ところが、橋の手前数十メートルまで来た時、橋のちょうど真ん中あたり左側の欄干の上に何かが見えたのである。

-ドンゴロス(穀物などを入れる大型の麻袋)か?

最初はそう思った。

膨らんだ麻袋のように見えた。

欄干の上に置いてあるのか、あるいは欄干にもたれ掛かるようにして立った看板か何かに、真上からすっぽりと麻袋が被せてあるのか。

いや。

ドンゴロスではない。

欄干に腰かけた人間だ。

脚を外側に投げ出して座っている。

いや。

ドンゴロスだ。

あの膨らみと質感はどう見てもただの麻袋だ。

清水さんの頭はフルスピードで回転した。

人間だと言うなら、頭はどうだ。頭はあるか。腕はあるか?

麻袋だと言うなら、どうやってあの場所に留まっている?

時間にすれば十秒ほどだろう。怖いとは思わなかったが、そんなことを目まぐるしく自問自答したという。

そしてその真横を通り過ぎようとした時だった。

腰かけた状態から両腕で半身をぐっと持ち上げて、ひょいとむこう側に飛び降りる男の姿が、視界の隅に入った。

「うわっ」

思わず声が出た。

人間だったのか!

いや、あれはやはり麻袋で、ただ風で向こう側に落ちたのがそう見えただけではないのか。
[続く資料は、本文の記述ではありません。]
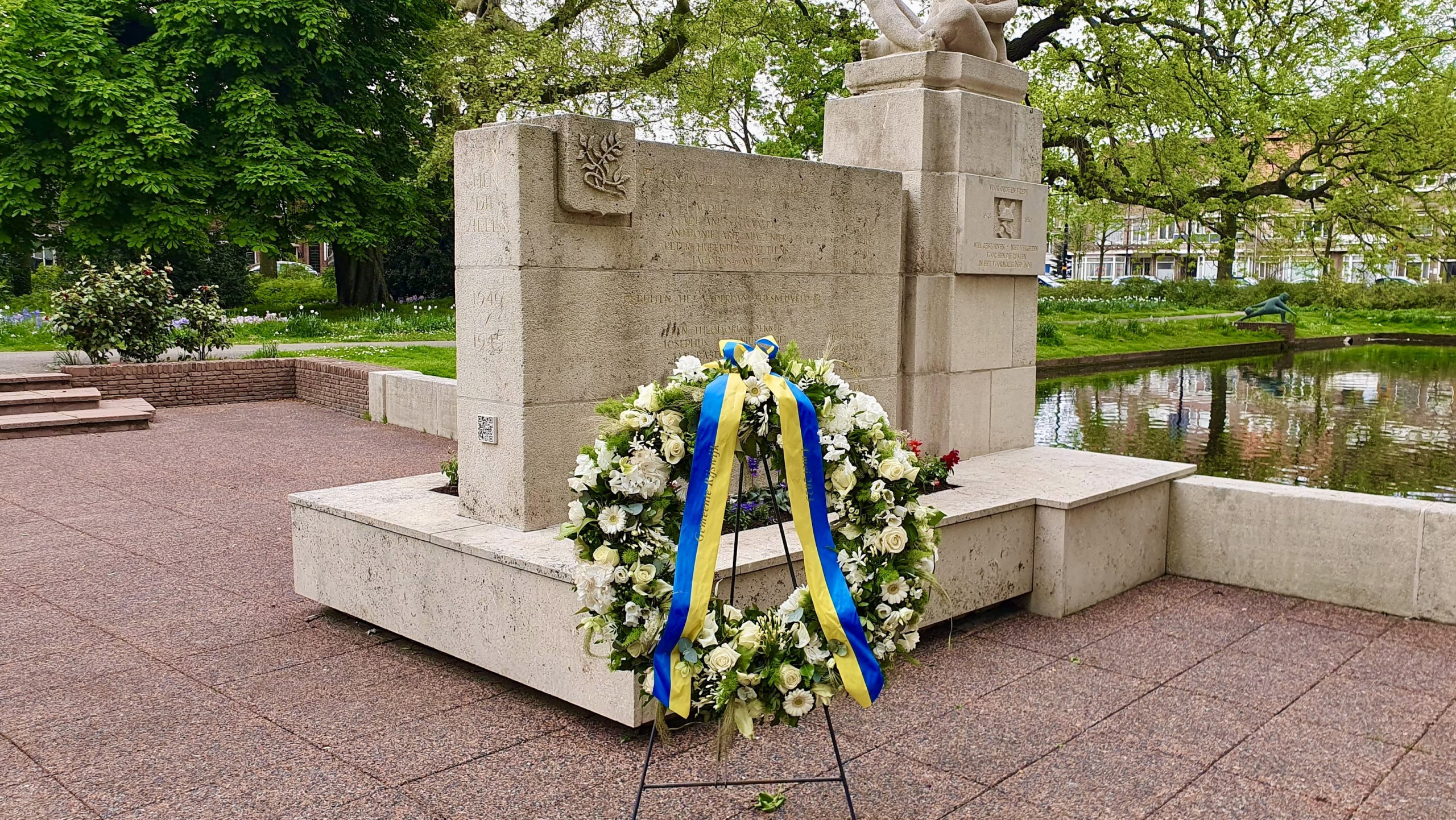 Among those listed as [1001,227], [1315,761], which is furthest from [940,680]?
[1001,227]

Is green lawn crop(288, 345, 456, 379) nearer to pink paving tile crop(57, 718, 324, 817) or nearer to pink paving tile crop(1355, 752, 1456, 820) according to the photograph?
pink paving tile crop(57, 718, 324, 817)

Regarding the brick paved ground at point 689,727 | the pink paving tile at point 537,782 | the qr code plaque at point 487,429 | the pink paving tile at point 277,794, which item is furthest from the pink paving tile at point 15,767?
the qr code plaque at point 487,429

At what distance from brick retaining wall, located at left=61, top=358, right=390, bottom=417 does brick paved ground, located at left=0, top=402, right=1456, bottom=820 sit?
805cm

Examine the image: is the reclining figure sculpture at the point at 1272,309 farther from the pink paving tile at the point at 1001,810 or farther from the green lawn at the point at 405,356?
the pink paving tile at the point at 1001,810

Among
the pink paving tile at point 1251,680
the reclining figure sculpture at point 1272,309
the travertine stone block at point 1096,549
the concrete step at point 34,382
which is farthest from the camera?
the reclining figure sculpture at point 1272,309

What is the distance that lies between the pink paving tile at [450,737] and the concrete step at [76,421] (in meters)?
10.0

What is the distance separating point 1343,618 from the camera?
6.33m

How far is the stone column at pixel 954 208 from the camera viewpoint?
755 cm

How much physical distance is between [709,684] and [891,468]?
2.82 ft

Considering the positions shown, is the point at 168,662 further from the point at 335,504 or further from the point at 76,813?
the point at 76,813

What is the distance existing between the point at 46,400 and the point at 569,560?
1130 cm

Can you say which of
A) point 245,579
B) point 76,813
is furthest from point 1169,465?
point 76,813

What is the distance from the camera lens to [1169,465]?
7.51m

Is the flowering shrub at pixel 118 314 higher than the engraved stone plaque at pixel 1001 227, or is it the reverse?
the engraved stone plaque at pixel 1001 227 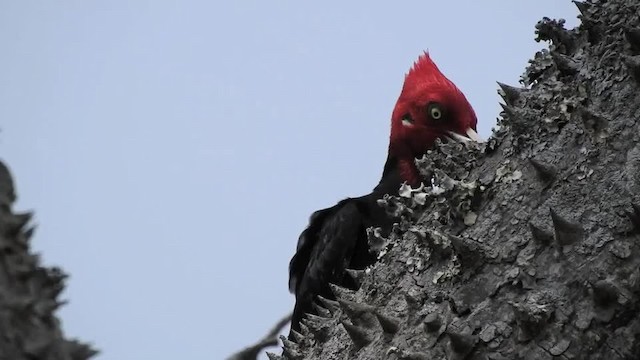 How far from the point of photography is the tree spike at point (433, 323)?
1740 mm

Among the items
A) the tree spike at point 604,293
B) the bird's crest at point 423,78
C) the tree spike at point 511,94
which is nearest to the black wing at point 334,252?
the bird's crest at point 423,78

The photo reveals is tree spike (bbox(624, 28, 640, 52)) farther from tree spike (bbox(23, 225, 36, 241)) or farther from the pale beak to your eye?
the pale beak

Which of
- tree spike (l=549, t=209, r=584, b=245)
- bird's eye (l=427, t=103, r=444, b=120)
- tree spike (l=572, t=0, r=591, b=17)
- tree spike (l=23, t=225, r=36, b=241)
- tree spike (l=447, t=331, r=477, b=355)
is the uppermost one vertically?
bird's eye (l=427, t=103, r=444, b=120)

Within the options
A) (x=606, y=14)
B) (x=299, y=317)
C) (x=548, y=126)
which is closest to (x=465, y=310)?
(x=548, y=126)

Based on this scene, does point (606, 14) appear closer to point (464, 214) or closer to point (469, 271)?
point (464, 214)

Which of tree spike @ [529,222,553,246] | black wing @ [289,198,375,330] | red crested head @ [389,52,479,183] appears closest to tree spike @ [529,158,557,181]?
tree spike @ [529,222,553,246]

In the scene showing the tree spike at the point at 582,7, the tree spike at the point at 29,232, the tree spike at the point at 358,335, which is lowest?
the tree spike at the point at 358,335

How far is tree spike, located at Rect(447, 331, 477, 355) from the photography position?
164cm

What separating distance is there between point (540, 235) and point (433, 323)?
11.8 inches

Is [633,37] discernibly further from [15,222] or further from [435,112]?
[435,112]

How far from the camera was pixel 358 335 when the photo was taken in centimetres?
194

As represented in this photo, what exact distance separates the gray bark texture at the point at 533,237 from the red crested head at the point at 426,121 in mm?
3062

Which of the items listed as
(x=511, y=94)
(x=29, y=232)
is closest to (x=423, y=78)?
(x=511, y=94)

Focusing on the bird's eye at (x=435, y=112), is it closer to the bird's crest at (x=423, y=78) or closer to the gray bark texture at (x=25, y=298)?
the bird's crest at (x=423, y=78) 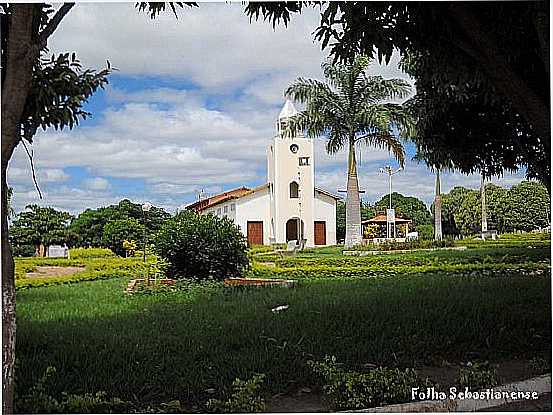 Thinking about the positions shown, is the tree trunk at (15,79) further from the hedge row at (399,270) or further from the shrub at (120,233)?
the hedge row at (399,270)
走り続ける車の中で、清水さんはなおも自問自答を繰りかえした。

清水さんは石橋から五十メートルほど進んだところで車を止めた。

-仮にあれがドンゴロスではなくて人間やとして、何かの理由で、いや理由なんて要らん。あそこに座っていた人間がいて、むこう側に落ちた理由が俺の車が通ったときの風圧やったとしたら……。下手をすれば、俺はひき逃げ犯にされてしまうかもしれん。

免許を取って何日も経っていないのに……。

両親に迷惑をかけてしまうことになるのか……。

だからこそ、知らん顔をして逃げて帰ることは出来ない。

麻袋ならばそれに越したことはない。むしろその可能性の方が高い。

清水さんは覚悟を決めたものの、泣きそうな心境で車をUターンさせた。

百メートルほど戻った清水さんは、そこで一旦止り、車を再びUターンさせた。

そのまま最初の方向に百メートルほど進んで、また同じ道を戻る。

暗い道で、清水さんはそんなことを何度も繰り返した。

男の姿どころか、どれだけ探してもその石橋が無かったのだという。